Case ID: or_107/html/0093-01.html
Source: Caselaw Access Project
Author: {"author": "BURNETT, J.", "license": "Public Domain", "url": "https://static.case.law/"}
Date Created: 2024-08-24T03:29:51.129683

Motion to dismiss denied May 16, 3922,
    submitted on briefs February 27,
    affirmed April 10, 1923.
    DAVIS v. ARNOLD IRRIGATION COMPANY.
    (213 Pac. 1013.)
    Appeal and Error — Only Error Legally Excepted to Ground for Reversal.
    In order to rely on a feature of a ease on appeal, it is necessary tbat an objection be urged in tbe trial court by some appropriate method, as it is not error, simply, but error legally exeept.ed to, that constitutes ground for reversal; and hence without exception it cannot be urged on appeal that the pleadings alleged total failure to furnish water as agreed and the evidence showed a partial failure only.
    Prom Deschutes: T. E. J. Duffy, Judge.
    Department 1.
    Motion to Dismiss Denied.
    Affirmed.
    
      For appellant there was a brief over the name of Mr. G. S. Benson.
    
    For respondent there was a brief over the name of Mr. H. H. De Armond.
    
   BURNETT, J.

This is an action by a water user against an irrigation district to recover damages for an alleged failure of the defendant to furnish to the plaintiff water for the irrigation of his crops in compliance with the contract for that purpose between the parties. The answer denies the breach of the contract charged upon the defendant. A jury trial resulted in a verdict and judgment against the defendant and it has appealed.

The only document giving a history of the case in the Circuit Court is a report of the testimony certified by an acting official reporter. In this narration there are numerous objections to testimony upon which there is no ruling and no exception; many others, where there was a ruling but no exception. In only two instances was an exception taken by the defendant. "While the plaintiff was testifying, he was asked if he knew about what crops were raised on land similar to his in 1919. The defendant objected to this question as incompetent, irrelevant and immaterial. The objection was overruled and he excepted; but the witness answered in the negative so no harm befell the defendant on that account. The other instance occurred while the defendant’s counsel was cross-examining the plaintiff’s witness, Mary Renno. He asked her if in a conversation when she was complaining about shortage of water, she mentioned the unsatisfactory location of a schoolhouse. The court sustained the plaintiff’s objection that this was not cross-examination but incompetent, irrelevant and immaterial. The defendant excepted. The ruling was correct. The location of the schoolhouse could not in any event have anything to do with the irrigation of the plaintiff’s crops or with the shortage of water. These questions, indeed, are not mentioned in the argument in the brief but are stated to show the paucity of merit in the defendant’s appeal.

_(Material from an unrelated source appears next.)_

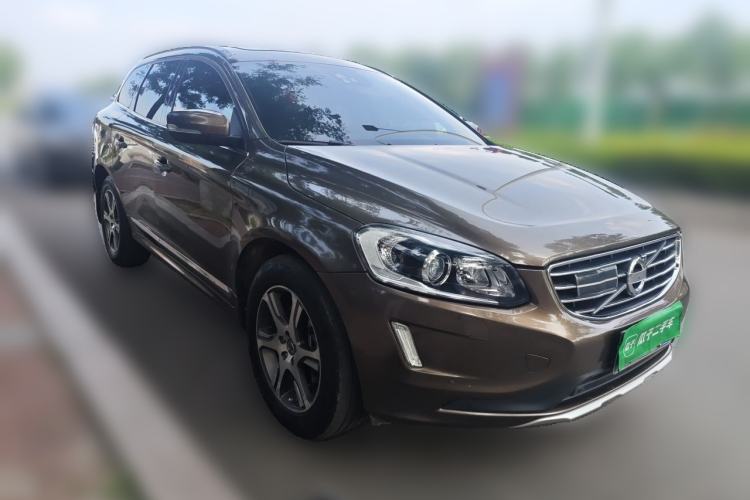 Used Volvo XC60 2015 T5 AWD Zhiyuan Edition Front Right 45 Deg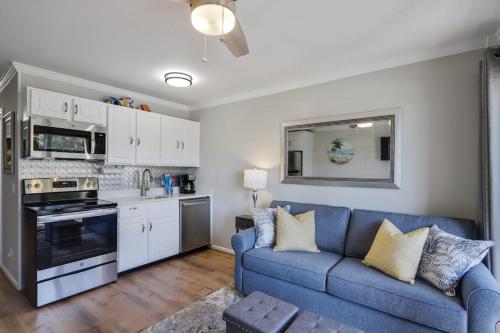 Η κουζίνα ή μικρή κουζίνα στο Seaside Villa with Ocean Views & Balcony Bliss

For the first time, and that, too, in this court, the defendant raises the question that while the charge against the defendant is its total failure to furnish water as it agreed, the evidence shows only a partial failure. If the defendant would rely upon this feature, it should have urged the objection in the Circuit Court by some appropriate method; for instance, a motion for nonsuit or for directed verdict, but no effort in that behalf is stated in the record. Ever since Kearney v. Snodgrass, 12 Or. 311 (7 Pac. 309), the rule has been invariable that “It is not error, simply, but error legally excepted to, that constitutes ground for reversal.”

In cases like the one in hand, this court has only appellate jurisdiction to revise errors of the Circuit Court. Parties cannot ignore that court and expect us to attend to their complaints, which have not first had the consideration of the trial court. The judgment is affirmed.

Motion to Dismiss Denied. Aeeirmed.

McBride, C. J., and Harris and Rand, JJ., concur.